Bishop Wilton D. Gregory of Belleville, Ill., president of the U.S. Conference of Catholic Bishops, accepted Keating's resignation and praised his efforts. "Because the task you took on was unprecedented and had to be carried out in an intense environment which gives rise to strong emotions under the close observation of the media, there were bound to be moments of difficulty," Gregory wrote to Keating.
Keating also made clear that he holds no bitterness toward Gregory.
"Most of America's bishops are fully supportive of the Board's efforts. They have led and led well and have stood up for virtue," Keating wrote. "Your own leadership has been extraordinary and courageous. You are a model of the Good Shepherd."
Keating's resignation takes effect immediately, but no successor was named. The choice is certain to be a topic of conversation when the nation's bishops meet in St. Louis for their semi-annual convention Thursday through Saturday. But the decision is up to Gregory.

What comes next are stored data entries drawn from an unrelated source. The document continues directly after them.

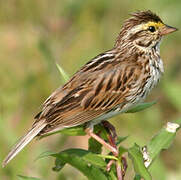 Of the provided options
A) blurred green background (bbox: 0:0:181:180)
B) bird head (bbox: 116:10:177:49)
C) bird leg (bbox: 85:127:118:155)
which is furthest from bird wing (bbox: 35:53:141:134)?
blurred green background (bbox: 0:0:181:180)

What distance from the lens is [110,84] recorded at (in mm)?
4008

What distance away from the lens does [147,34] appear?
438 cm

Some board members said they believe Gregory is likely to name a current member to ensure continuity. Among the leading contenders, they said, are Burke and Leon E. Panetta, the former Democratic congressman from California who served as chief of staff in the Clinton White House from 1994 to 1997.
Keating, 59, a Republican, completed two terms as Oklahoma's governor in 2002. Unable to run again because of term limits, he moved to Washington and took a job this year as president of the American Council of Life Insurers.

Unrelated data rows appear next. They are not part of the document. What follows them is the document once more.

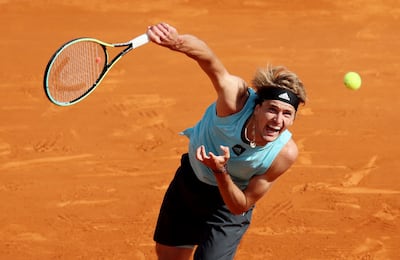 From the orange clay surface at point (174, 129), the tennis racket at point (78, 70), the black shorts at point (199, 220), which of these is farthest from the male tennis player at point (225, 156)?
the orange clay surface at point (174, 129)

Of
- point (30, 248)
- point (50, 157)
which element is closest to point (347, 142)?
point (50, 157)

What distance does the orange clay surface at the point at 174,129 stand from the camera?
688 cm

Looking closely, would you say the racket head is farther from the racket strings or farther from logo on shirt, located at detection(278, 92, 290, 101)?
logo on shirt, located at detection(278, 92, 290, 101)

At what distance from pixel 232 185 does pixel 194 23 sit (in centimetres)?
756

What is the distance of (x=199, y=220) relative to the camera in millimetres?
5168

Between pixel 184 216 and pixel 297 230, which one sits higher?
pixel 184 216

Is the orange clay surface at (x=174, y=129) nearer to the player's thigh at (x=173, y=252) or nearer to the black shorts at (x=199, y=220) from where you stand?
the player's thigh at (x=173, y=252)

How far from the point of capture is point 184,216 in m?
5.23

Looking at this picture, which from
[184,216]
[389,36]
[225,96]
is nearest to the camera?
[225,96]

He had told board members that the demands of the new job were limiting the time he could spend on the all-volunteer board, and wrote in his resignation letter that he had intended to relinquish the chairmanship after one year, a period that ends this week.
But his resignation also followed a war of words with Mahony last week over the hesitation by California's bishops to provide information for a statistical study commissioned by the board. The $250,000 study is designed to determine how many priests have been accused of child sexual abuse since 1950, how those cases were handled and how much they cost the church in lawsuits, counseling and legal fees.
In an interview published in the Los Angeles Times last Thursday, Keating said Mahony had led California's bishops in an effort to derail the study. "To act like La Cosa Nostra and hide and suppress, I think, is very unhealthy. Eventually it will all come out," he said.
The cardinal responded that Keating's Mafia comparison was "the last straw." Last Friday, he said the former governor should step down voluntarily or face a vote of no confidence when the bishops gather in St. Louis.
The bishops' conference established the review board a year ago at a pivotal meeting in Dallas, in which they promised to remove permanently from ministry any priest who has sexually abused a minor.
Although the goal was to ensure the bishops' credibility, there were tensions from the start. Burke said the bishops wanted a 25-member panel that included at least one priest, but the initial lay members, including Keating, insisted on no more than 15 people, all lay Catholics.
On the day he was appointed, Keating said that some bishops probably should be prosecuted. Several weeks later, he antagonized the bishops again by suggesting that Catholics in some dioceses should withhold donations to force change.
After those remarks, some members of the board prevailed on Keating to speak out less. He did so for several months, until California's bishops voted in May to call for an immediate halt to the board's research study, saying it could help plaintiffs' attorneys and violate state privacy laws.
The California bishops said last week that they had worked out some procedures to ensure privacy and will now cooperate with the study.